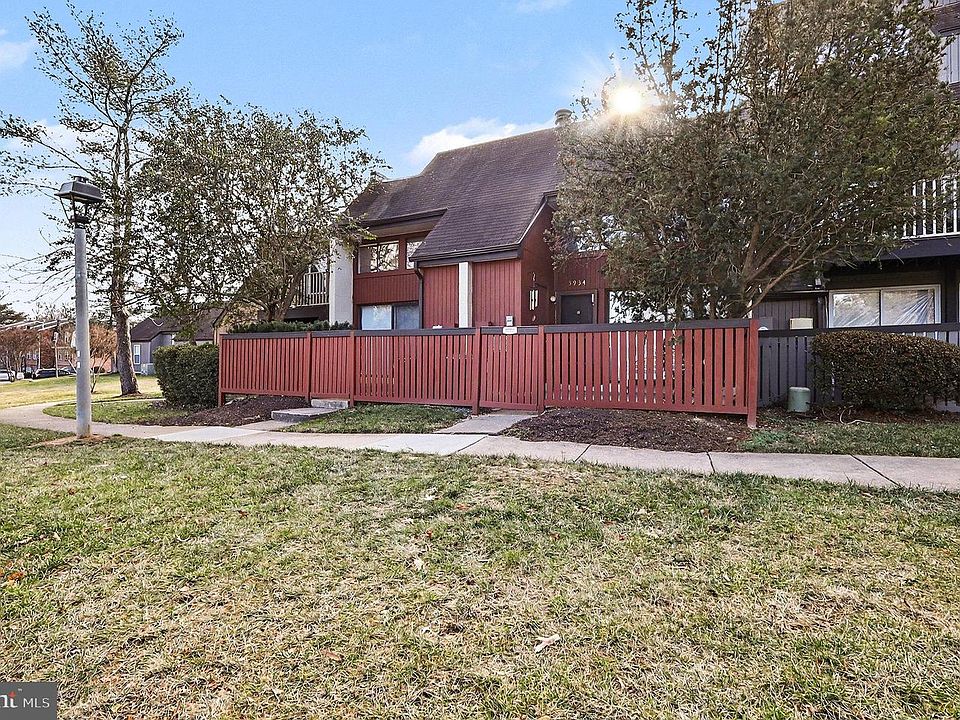 1st image of 3936 Woodhue Pl #21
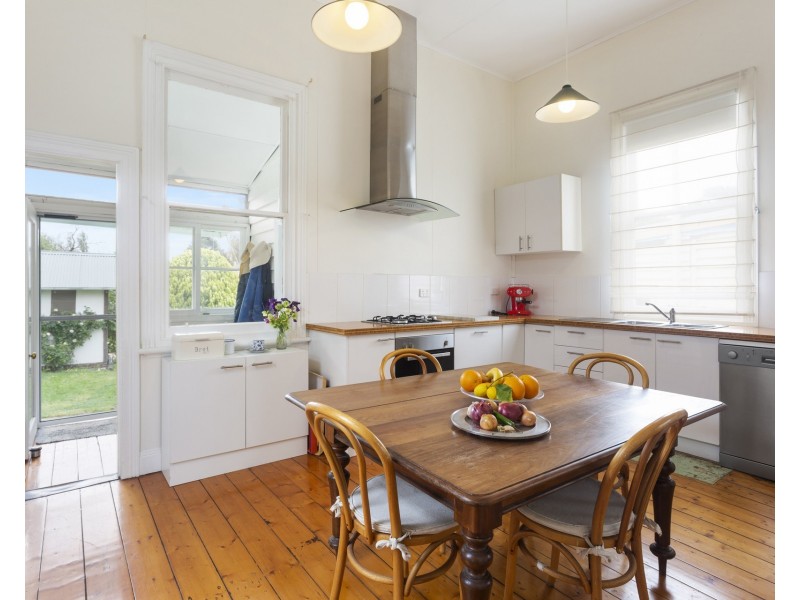 49 Honeysuckle Street, Bendigo VIC 3550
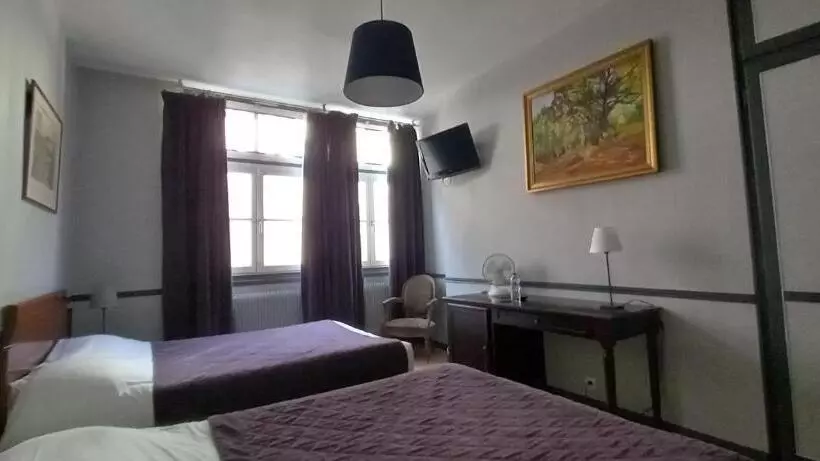 ２ダブルベッドのスタンダードルーム, Brit Hotel Comtes De Champagne   Troyes Centre Historique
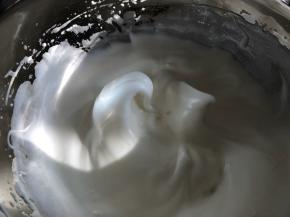 打发到提起打蛋头有弯钩即可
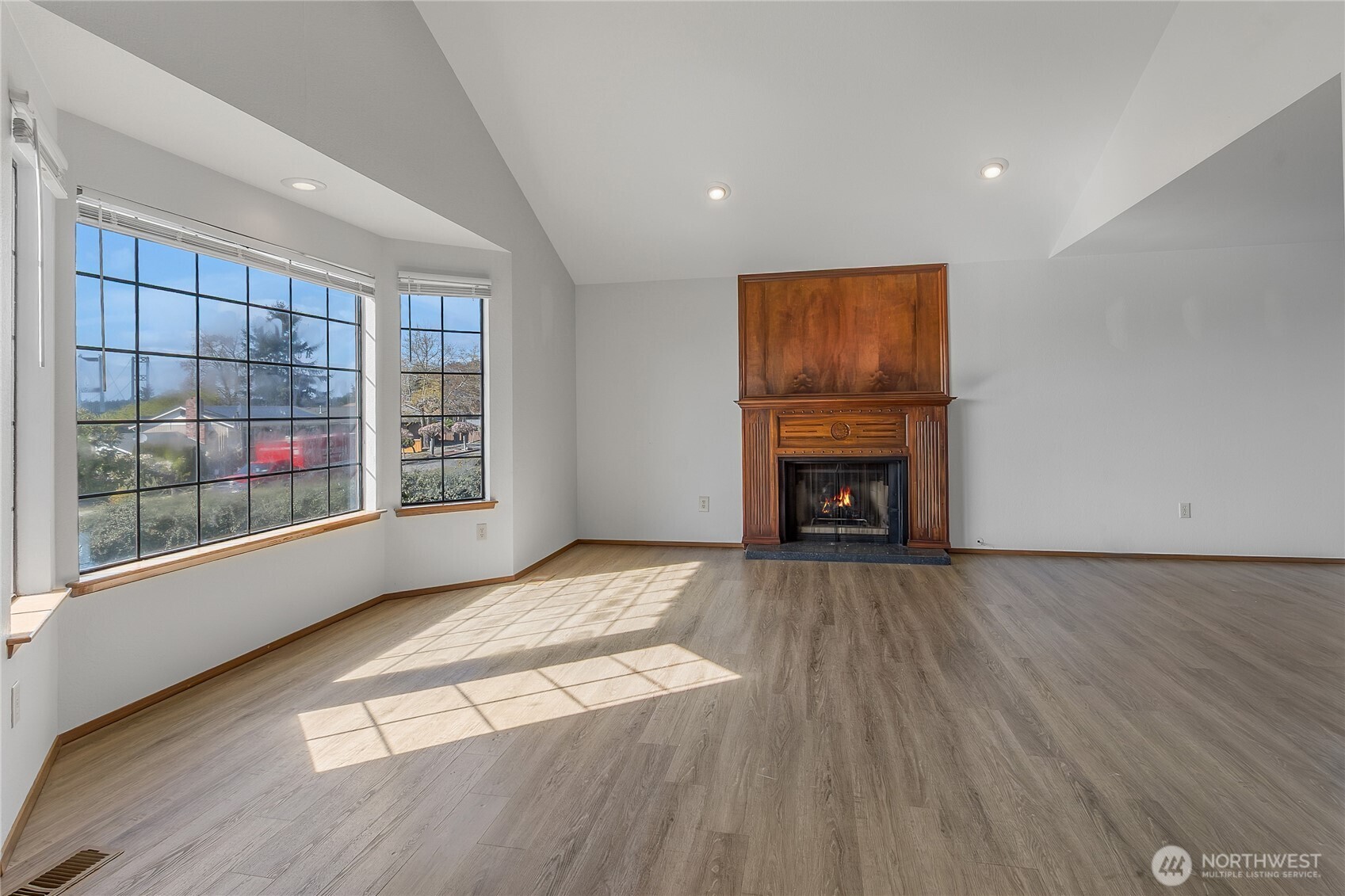 1345 N Juniper Street , Tacoma, WA 98406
.....
Work required » Pictures within the entries must not be reproduced; everything else is to be restated verbatim.

Finished task »
 1st image of 3936 Woodhue Pl #21
 49 Honeysuckle Street, Bendigo VIC 3550
 ２ダブルベッドのスタンダードルーム, Brit Hotel Comtes De Champagne   Troyes Centre Historique
 打发到提起打蛋头有弯钩即可
 1345 N Juniper Street , Tacoma, WA 98406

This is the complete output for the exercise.